| Directions |
In your reply, reproduce every line of the data without any alteration.

(Short web captions)

>>

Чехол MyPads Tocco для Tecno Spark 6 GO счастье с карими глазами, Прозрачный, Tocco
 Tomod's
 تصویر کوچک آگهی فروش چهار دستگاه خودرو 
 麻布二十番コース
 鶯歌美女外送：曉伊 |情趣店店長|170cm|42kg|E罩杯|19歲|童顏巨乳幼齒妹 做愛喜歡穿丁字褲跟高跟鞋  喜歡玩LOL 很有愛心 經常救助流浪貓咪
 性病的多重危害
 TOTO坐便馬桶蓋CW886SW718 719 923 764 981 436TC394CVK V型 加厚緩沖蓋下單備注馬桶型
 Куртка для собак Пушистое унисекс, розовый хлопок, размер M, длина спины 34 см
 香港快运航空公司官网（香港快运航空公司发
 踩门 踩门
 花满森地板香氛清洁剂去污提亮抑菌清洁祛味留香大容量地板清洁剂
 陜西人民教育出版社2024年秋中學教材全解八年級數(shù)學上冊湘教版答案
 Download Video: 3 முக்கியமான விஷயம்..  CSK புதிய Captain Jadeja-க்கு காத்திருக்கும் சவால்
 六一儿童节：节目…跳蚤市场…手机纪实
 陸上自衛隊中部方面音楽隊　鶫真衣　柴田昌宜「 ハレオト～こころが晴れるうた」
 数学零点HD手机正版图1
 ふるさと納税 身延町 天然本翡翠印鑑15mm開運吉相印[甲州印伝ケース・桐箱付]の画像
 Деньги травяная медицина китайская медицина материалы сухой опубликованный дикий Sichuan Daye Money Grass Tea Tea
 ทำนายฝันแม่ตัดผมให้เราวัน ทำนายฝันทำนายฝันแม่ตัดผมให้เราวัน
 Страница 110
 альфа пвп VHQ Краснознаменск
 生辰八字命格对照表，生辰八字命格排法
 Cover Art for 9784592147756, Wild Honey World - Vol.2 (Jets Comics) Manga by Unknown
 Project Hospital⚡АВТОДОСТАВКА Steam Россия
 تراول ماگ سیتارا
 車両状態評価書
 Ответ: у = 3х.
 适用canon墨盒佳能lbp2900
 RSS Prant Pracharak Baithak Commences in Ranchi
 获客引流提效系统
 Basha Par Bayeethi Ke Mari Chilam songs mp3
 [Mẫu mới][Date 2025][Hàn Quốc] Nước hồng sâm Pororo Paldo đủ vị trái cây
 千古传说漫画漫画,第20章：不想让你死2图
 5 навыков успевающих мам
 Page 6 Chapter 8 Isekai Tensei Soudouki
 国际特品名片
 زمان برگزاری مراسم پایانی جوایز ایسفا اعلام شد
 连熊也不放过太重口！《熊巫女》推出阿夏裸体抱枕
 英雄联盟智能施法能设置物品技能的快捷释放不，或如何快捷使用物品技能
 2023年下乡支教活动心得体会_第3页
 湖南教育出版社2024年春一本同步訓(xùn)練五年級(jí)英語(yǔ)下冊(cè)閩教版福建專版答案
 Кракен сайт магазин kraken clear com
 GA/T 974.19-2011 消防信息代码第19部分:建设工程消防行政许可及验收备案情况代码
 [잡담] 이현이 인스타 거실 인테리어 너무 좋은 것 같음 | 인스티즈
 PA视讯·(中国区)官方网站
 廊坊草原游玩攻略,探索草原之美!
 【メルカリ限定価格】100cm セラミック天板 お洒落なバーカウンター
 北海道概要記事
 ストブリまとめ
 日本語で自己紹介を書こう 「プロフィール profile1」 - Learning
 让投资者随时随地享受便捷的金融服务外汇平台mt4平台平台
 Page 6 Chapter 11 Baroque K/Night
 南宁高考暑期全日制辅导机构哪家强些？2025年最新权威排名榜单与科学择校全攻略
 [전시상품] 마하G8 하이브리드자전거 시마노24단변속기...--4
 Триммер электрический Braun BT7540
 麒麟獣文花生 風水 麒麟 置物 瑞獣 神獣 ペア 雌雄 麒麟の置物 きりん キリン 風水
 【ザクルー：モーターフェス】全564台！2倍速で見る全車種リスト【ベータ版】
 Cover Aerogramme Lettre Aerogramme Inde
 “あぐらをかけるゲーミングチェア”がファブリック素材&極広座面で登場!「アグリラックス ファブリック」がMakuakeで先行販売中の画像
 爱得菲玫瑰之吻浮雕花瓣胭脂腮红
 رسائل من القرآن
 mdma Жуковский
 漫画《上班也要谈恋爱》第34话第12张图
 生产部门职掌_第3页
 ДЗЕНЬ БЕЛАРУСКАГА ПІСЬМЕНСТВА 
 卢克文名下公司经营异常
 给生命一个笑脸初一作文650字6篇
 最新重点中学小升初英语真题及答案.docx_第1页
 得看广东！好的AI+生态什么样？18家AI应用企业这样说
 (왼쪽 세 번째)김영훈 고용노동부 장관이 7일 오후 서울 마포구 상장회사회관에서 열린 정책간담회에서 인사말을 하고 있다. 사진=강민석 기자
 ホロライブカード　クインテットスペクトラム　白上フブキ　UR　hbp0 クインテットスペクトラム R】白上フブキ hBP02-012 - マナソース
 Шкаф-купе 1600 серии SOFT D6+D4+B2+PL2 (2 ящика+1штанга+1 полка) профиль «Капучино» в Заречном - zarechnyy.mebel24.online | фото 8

<<

| Completed exercise |
Чехол MyPads Tocco для Tecno Spark 6 GO счастье с карими глазами, Прозрачный, Tocco
 Tomod's
 تصویر کوچک آگهی فروش چهار دستگاه خودرو 
 麻布二十番コース
 鶯歌美女外送：曉伊 |情趣店店長|170cm|42kg|E罩杯|19歲|童顏巨乳幼齒妹 做愛喜歡穿丁字褲跟高跟鞋  喜歡玩LOL 很有愛心 經常救助流浪貓咪
 性病的多重危害
 TOTO坐便馬桶蓋CW886SW718 719 923 764 981 436TC394CVK V型 加厚緩沖蓋下單備注馬桶型
 Куртка для собак Пушистое унисекс, розовый хлопок, размер M, длина спины 34 см
 香港快运航空公司官网（香港快运航空公司发
 踩门 踩门
 花满森地板香氛清洁剂去污提亮抑菌清洁祛味留香大容量地板清洁剂
 陜西人民教育出版社2024年秋中學教材全解八年級數(shù)學上冊湘教版答案
 Download Video: 3 முக்கியமான விஷயம்..  CSK புதிய Captain Jadeja-க்கு காத்திருக்கும் சவால்
 六一儿童节：节目…跳蚤市场…手机纪实
 陸上自衛隊中部方面音楽隊　鶫真衣　柴田昌宜「 ハレオト～こころが晴れるうた」
 数学零点HD手机正版图1
 ふるさと納税 身延町 天然本翡翠印鑑15mm開運吉相印[甲州印伝ケース・桐箱付]の画像
 Деньги травяная медицина китайская медицина материалы сухой опубликованный дикий Sichuan Daye Money Grass Tea Tea
 ทำนายฝันแม่ตัดผมให้เราวัน ทำนายฝันทำนายฝันแม่ตัดผมให้เราวัน
 Страница 110
 альфа пвп VHQ Краснознаменск
 生辰八字命格对照表，生辰八字命格排法
 Cover Art for 9784592147756, Wild Honey World - Vol.2 (Jets Comics) Manga by Unknown
 Project Hospital⚡АВТОДОСТАВКА Steam Россия
 تراول ماگ سیتارا
 車両状態評価書
 Ответ: у = 3х.
 适用canon墨盒佳能lbp2900
 RSS Prant Pracharak Baithak Commences in Ranchi
 获客引流提效系统
 Basha Par Bayeethi Ke Mari Chilam songs mp3
 [Mẫu mới][Date 2025][Hàn Quốc] Nước hồng sâm Pororo Paldo đủ vị trái cây
 千古传说漫画漫画,第20章：不想让你死2图
 5 навыков успевающих мам
 Page 6 Chapter 8 Isekai Tensei Soudouki
 国际特品名片
 زمان برگزاری مراسم پایانی جوایز ایسفا اعلام شد
 连熊也不放过太重口！《熊巫女》推出阿夏裸体抱枕
 英雄联盟智能施法能设置物品技能的快捷释放不，或如何快捷使用物品技能
 2023年下乡支教活动心得体会_第3页
 湖南教育出版社2024年春一本同步訓(xùn)練五年級(jí)英語(yǔ)下冊(cè)閩教版福建專版答案
 Кракен сайт магазин kraken clear com
 GA/T 974.19-2011 消防信息代码第19部分:建设工程消防行政许可及验收备案情况代码
 [잡담] 이현이 인스타 거실 인테리어 너무 좋은 것 같음 | 인스티즈
 PA视讯·(中国区)官方网站
 廊坊草原游玩攻略,探索草原之美!
 【メルカリ限定価格】100cm セラミック天板 お洒落なバーカウンター
 北海道概要記事
 ストブリまとめ
 日本語で自己紹介を書こう 「プロフィール profile1」 - Learning
 让投资者随时随地享受便捷的金融服务外汇平台mt4平台平台
 Page 6 Chapter 11 Baroque K/Night
 南宁高考暑期全日制辅导机构哪家强些？2025年最新权威排名榜单与科学择校全攻略
 [전시상품] 마하G8 하이브리드자전거 시마노24단변속기...--4
 Триммер электрический Braun BT7540
 麒麟獣文花生 風水 麒麟 置物 瑞獣 神獣 ペア 雌雄 麒麟の置物 きりん キリン 風水
 【ザクルー：モーターフェス】全564台！2倍速で見る全車種リスト【ベータ版】
 Cover Aerogramme Lettre Aerogramme Inde
 “あぐらをかけるゲーミングチェア”がファブリック素材&極広座面で登場!「アグリラックス ファブリック」がMakuakeで先行販売中の画像
 爱得菲玫瑰之吻浮雕花瓣胭脂腮红
 رسائل من القرآن
 mdma Жуковский
 漫画《上班也要谈恋爱》第34话第12张图
 生产部门职掌_第3页
 ДЗЕНЬ БЕЛАРУСКАГА ПІСЬМЕНСТВА 
 卢克文名下公司经营异常
 给生命一个笑脸初一作文650字6篇
 最新重点中学小升初英语真题及答案.docx_第1页
 得看广东！好的AI+生态什么样？18家AI应用企业这样说
 (왼쪽 세 번째)김영훈 고용노동부 장관이 7일 오후 서울 마포구 상장회사회관에서 열린 정책간담회에서 인사말을 하고 있다. 사진=강민석 기자
 ホロライブカード　クインテットスペクトラム　白上フブキ　UR　hbp0 クインテットスペクトラム R】白上フブキ hBP02-012 - マナソース
 Шкаф-купе 1600 серии SOFT D6+D4+B2+PL2 (2 ящика+1штанга+1 полка) профиль «Капучино» в Заречном - zarechnyy.mebel24.online | фото 8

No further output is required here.